Долгое время считалось, что стоимость строительства Парфенона превышала сумму в две тысячи талантов. Археолог Роберт Спенсер Станьер, основываясь на сохранившихся надписях, пришел к выводу, что величайший храм Акрополя стоил всего 469 талантов, то есть примерно столько же, сколько ежегодно приносили в дань Афинам почти двести союзных городов.
Большую часть расходов поглотили стены, колонны, пол, на них ушло 365 талантов. Плафон, крыша и ворота обошлись еще в 65. Зато, и это очень характерно, сумма, потраченная на фриз, скульптуры фронтона и метопы, то есть те работы, которые сегодня высоко ценятся и относятся к сфере художественного творчества, не превысила сравнительно скромной суммы в 39 талантов.
Следует добавить, что вся эта калькуляция касается строительства только самого здания. Известно, что внутри храма находилась статуя Афины — творение Фидия. Бесценный Павсаний, терпеливый инвентаризатор стольких исчезнувших памятников древности, оставил нам такое ее описание: «Статуя представляет стоящую Афину в тунике, спадающей до стоп; ее грудь украшает голова Медузы, вырезанная из слоновой кости. Афина держит в руке богиню победы, высотой в четыре локтя, а в другой — копье. У ног лежит щит, а в том месте, где копье опирается о землю, ползает змея. Эта змея, несомненно, изображает Эрихтония. Цоколь покрыт барельефом, представляющим рождение Пандоры, первой женщины на Земле, о чем рассказывают Гесиод и другие поэты».

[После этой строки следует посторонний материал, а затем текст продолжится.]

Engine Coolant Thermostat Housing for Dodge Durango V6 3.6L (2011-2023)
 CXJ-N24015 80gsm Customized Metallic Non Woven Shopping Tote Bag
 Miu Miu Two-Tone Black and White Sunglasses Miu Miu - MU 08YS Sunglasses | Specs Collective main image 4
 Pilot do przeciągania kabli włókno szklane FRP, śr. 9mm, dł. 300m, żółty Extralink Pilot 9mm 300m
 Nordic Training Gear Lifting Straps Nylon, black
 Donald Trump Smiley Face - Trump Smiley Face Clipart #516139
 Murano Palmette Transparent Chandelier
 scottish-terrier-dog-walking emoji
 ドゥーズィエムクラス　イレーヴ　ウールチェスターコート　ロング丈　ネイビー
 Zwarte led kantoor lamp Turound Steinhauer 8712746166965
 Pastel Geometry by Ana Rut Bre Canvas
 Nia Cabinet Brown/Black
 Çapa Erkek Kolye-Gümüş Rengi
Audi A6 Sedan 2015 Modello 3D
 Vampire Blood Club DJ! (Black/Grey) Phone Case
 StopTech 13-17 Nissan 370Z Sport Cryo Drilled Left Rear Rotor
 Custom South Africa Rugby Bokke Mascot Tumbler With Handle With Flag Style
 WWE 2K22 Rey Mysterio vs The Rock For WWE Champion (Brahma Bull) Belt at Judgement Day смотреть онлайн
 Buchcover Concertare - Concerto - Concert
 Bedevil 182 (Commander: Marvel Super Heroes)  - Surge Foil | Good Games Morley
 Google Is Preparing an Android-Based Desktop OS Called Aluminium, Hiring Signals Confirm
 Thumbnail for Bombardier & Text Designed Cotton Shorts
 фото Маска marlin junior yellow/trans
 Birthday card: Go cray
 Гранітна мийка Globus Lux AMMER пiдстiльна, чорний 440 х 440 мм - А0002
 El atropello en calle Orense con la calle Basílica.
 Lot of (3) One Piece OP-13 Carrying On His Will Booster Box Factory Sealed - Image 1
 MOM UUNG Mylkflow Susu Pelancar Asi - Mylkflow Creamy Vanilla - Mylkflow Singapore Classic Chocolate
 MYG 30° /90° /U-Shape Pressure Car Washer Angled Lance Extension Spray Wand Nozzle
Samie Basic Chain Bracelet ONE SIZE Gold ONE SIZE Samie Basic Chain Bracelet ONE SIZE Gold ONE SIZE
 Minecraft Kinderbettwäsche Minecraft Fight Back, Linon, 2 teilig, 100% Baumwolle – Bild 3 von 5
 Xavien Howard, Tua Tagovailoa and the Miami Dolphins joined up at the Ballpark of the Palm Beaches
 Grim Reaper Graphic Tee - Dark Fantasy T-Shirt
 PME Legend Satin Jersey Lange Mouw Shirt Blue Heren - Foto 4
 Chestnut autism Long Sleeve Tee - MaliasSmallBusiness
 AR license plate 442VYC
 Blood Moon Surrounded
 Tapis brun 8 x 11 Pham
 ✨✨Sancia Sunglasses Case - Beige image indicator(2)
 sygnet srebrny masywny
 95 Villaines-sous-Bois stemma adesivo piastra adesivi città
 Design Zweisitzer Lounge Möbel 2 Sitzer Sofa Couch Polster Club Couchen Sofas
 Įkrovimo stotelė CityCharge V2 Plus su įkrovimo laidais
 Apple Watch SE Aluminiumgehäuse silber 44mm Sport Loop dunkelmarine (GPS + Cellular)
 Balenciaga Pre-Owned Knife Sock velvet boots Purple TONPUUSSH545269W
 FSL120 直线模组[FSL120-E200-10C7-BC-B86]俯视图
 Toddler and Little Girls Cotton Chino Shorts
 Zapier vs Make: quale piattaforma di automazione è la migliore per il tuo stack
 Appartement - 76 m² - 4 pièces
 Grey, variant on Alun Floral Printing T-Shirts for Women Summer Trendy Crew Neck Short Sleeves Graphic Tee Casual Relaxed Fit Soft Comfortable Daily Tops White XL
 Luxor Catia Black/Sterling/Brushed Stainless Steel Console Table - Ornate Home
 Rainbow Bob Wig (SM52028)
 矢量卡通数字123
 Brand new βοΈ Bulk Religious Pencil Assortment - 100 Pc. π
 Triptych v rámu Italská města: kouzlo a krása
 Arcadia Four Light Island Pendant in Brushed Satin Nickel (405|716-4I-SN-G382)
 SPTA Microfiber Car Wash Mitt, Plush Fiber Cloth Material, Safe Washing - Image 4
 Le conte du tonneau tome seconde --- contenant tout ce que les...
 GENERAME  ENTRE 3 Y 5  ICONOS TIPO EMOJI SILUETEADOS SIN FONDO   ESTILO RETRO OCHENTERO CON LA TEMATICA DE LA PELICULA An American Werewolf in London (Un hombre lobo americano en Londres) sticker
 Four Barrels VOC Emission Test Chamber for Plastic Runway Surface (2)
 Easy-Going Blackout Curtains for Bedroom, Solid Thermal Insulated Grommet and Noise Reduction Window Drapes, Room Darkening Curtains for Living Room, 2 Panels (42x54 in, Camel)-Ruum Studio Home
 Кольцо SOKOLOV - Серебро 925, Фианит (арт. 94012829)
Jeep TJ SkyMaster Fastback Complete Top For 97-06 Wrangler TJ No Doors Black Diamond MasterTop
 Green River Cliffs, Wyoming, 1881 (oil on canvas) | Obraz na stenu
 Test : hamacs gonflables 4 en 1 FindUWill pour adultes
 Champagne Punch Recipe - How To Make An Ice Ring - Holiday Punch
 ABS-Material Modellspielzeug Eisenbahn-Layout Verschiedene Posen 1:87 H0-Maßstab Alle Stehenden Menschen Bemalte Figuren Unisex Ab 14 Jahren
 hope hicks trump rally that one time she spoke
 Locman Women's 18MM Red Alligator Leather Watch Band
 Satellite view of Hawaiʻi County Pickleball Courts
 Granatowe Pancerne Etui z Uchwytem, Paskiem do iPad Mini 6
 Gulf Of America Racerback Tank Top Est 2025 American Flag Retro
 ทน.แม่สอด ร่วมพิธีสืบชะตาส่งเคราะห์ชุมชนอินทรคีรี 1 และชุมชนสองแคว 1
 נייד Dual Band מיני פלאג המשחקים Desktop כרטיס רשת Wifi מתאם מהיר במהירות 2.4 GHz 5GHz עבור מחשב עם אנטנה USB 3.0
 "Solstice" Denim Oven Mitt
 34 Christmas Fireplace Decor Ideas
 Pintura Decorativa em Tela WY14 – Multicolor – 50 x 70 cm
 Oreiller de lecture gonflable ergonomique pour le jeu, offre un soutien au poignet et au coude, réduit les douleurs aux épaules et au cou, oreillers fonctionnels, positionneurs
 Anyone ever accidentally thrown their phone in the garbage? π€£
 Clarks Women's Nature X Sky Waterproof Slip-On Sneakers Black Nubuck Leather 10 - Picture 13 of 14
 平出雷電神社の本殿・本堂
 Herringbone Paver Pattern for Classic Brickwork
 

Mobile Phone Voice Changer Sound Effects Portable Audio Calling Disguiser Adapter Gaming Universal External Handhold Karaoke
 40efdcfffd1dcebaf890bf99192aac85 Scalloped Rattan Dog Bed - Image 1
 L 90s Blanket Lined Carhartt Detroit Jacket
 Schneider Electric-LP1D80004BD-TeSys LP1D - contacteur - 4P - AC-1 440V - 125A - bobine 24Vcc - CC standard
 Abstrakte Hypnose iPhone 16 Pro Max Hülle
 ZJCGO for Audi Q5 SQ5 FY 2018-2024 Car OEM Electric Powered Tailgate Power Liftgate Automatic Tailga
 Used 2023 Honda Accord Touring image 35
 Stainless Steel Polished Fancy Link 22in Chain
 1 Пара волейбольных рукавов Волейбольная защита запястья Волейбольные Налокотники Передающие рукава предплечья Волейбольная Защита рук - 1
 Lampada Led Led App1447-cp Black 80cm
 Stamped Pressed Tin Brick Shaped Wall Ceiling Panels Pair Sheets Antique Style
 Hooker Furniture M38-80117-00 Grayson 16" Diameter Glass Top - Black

Статуя пропала, а все ее предположительные реконструкции, хотя бы наиболее известная, выполненная известным австрийским ученым Камилем Прашникером, вводят нас в состояние некоего эстетического стыда: двенадцатиметровый колосс, поддерживаемый внешней деревянной конструкцией, части тела изготовлены из слоновой кости, драпировка — из золотых пластин, глаза — из эмали, зрачки — из черного камня. К счастью, памятник был скрыт в тени мрачного naos. Что касается стоимости, то это чудовищное украшение стоило, как предполагают, вчетверо дороже, чем окружающее его здание.